In diesem Alter hatte ich damals, in der sich in den 80er Jahren noch in voller Blüte befindlichen Schallplattenabteilung des Kaufhauses Steingass in Heidenheim an der Brenz, das Album "Keeper Of The Seven Keys, Part 1" käuflich erworben, nachdem ich meiner Mutter zuvor beim samstäglichen Einkauf das Geld für eine Schallplatte aus den Rippen geleiert hatte. Das Album wurde natürlich nach dem zuverlässigsten Kriterium überhaupt ausgesucht: nach der mir am besten gefallenden Hülle. "Cover" sagte zumindest ich damals noch nicht dazu.
Nachdem mir am 21. Mai 2021 des Nachmittags nach dem letzten Unterrichtstag vor den Pfingstferien bewusst geworden war, dass ich gerade das neue HELLOWEEN-Album auf mein Handy geladen hatte, ließ ich noch kurz den Kaffeeautomaten röcheln und verkroch mich dann so schnell wie möglich mit einer Tasse Kaffee in der Hand in meinen Metal-Schuppen. Hier stieg nun der Puls des inzwischen wieder 14 Jahre alten Timo, und zwischen Postern von unter vielen anderen, FIFTH ANGEL, BRAINSTORM und natürlich HELLOWEEN fummelte ich mit tatsächlich leicht zittrigen Fingern auf meinem Handy die Bluetoothverbindung zur Anlage zurecht. 1987 war es die Nadel des Plattenspielers. Endlich fing die Musik an…:
Zunächst erfasste mich Verwunderung: Spielte da SLAYER aus einem Paralleluniversum den Anfang von "South Of Heaven", der deshalb ähnlich, aber dennoch ganz anders klang? Nichtsdestotrotz: Nach etwa 2 Minuten von 'Out For The Glory' schossen mir die Tränen in die Augen! Daran trug neben der wundervollen Oldschoool-HELLOWEEN-Uptempo-Nummer wohl hauptsächlich Michael Kiske Schuld. Der darf die HELLOWEEN-Fans gleich zu Beginn des Albums mit einer herrlich lässigen Signature-Melodie von Weiki begrüßen. Und mal ganz ehrlich: Das wollte jeder so, das hat jeder so erwartet. Und es ist unbedingt gut, genauso wie es ist! Heul! Bereits beim vierten Durchlauf ertappte ich mich hierbei übrigens beim unkontrollierten Bangen. Nein, es lag ganz bestimmt nicht nur am Feierabend Bier!

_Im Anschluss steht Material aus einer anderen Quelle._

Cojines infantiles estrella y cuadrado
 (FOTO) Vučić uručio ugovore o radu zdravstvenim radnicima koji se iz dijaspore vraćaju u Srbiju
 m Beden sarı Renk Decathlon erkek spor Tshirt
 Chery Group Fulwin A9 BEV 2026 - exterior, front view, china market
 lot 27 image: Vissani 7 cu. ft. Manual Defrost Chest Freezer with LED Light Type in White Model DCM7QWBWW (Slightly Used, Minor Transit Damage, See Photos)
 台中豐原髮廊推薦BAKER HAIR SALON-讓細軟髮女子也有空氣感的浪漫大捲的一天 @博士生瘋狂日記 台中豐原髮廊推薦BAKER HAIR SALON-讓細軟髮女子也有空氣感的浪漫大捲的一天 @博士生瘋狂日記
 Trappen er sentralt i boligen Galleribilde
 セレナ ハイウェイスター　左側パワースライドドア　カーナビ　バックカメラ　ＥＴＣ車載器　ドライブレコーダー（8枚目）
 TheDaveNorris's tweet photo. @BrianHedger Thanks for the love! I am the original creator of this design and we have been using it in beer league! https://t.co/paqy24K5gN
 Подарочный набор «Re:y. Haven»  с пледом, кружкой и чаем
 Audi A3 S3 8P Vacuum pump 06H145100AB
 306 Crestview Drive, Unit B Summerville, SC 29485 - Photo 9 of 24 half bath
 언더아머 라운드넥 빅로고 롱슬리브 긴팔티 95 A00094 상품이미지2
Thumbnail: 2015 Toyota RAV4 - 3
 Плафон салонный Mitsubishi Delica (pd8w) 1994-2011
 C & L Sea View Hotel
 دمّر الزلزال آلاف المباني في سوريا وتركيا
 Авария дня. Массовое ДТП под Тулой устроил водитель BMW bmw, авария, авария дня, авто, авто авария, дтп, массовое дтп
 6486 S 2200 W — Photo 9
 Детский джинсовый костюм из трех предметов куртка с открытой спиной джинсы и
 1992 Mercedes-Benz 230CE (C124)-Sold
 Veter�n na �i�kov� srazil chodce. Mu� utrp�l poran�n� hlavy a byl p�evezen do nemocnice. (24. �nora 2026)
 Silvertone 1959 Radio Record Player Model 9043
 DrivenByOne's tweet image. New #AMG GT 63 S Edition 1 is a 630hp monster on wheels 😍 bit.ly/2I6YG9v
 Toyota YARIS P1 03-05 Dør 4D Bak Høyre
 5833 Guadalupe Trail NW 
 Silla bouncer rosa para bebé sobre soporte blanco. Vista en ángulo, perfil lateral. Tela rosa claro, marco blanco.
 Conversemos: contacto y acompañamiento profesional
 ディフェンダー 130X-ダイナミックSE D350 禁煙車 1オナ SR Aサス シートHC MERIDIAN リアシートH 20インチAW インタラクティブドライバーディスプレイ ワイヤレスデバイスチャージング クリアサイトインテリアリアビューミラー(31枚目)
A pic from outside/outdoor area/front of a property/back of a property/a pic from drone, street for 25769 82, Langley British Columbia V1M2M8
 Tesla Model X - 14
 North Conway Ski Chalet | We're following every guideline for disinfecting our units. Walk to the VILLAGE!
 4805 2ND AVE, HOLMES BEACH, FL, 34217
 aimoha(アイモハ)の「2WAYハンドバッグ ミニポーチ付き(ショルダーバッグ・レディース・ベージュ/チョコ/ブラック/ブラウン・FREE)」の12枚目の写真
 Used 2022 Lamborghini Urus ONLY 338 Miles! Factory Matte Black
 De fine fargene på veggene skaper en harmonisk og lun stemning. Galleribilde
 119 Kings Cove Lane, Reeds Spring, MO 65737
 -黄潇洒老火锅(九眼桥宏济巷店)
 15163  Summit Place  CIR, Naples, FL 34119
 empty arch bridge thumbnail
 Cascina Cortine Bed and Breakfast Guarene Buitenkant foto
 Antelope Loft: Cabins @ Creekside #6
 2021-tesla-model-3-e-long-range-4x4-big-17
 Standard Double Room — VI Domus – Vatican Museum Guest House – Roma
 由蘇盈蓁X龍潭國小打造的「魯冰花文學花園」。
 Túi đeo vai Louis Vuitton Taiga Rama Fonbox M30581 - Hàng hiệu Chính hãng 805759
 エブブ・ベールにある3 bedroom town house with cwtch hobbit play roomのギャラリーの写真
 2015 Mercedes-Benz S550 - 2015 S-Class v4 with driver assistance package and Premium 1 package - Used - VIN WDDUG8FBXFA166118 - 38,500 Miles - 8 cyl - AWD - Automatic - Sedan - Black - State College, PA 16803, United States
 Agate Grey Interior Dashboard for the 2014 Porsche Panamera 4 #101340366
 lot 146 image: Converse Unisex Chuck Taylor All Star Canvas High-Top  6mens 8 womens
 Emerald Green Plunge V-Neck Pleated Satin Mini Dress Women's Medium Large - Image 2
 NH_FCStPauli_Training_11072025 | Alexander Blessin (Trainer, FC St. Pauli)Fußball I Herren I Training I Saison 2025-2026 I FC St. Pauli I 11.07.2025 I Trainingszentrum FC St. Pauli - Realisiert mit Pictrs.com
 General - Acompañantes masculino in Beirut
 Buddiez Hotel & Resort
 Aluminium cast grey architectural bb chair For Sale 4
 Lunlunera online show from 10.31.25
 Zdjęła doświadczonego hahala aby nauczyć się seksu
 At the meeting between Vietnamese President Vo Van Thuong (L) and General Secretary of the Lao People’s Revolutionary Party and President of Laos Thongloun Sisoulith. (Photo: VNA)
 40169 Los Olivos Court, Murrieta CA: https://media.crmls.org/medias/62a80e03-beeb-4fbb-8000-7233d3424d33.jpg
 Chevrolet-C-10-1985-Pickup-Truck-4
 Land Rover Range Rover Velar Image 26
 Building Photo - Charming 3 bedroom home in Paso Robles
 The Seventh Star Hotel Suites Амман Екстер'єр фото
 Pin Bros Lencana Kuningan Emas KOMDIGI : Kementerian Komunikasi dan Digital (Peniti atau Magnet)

Andi Deris legt mit einer wunderbaren, ebenfalls recht flotten Eigenkomposition nach, die mit einer sehr entspannten Gesangslinie überzeugen kann. 'Fear Of The Fallen' muss sich in keiner Weise hinter dem Opener verstecken, auch wenn es eher klangliche Facetten der Deris-Ära in den Vordergrund rückt.
Das Album wurde von der Band als eine Galavorstellung, eine musikalische Werkschau mit vielen Selbstzitaten aus den vergangenen 35 Jahren konzipiert, ohne sich dabei zu wiederholen oder gar mit plakativem Anachronismus zu langweilen. Vielmehr werden die Stärken aus allen Phasen der Band zu neuen, packenden HELLOWEEN-Songs verquickt. So ist 'Best Time' beispielsweise eine dezent poppige Gute-Laune-Nummer geworden, die mit schicken Keyboard-Einsprengseln versehen werden konnte, während 'Mass Pollution' an knurrigen deutschen Hardrock der 80er Jahre denken lässt und somit trotz HELLOWEEN-Melodie ein eher untypischer Song für die Jungs geworden ist.
'Angels' setzt Michael Kiske gefühlvoll und dennoch wuchtig mit HELLOWEEN-typischer Verspieltheit in Szene, doch auch Andi Deris stößt im Verlauf des Songs stimmlich noch hinzu. Man kann dem Lied mit leicht balladesken Anteilen durchaus eine gewisse Radio-Tauglichkeit attestieren, die eventuell über die üblich verdächtigen Sender hinausgeht.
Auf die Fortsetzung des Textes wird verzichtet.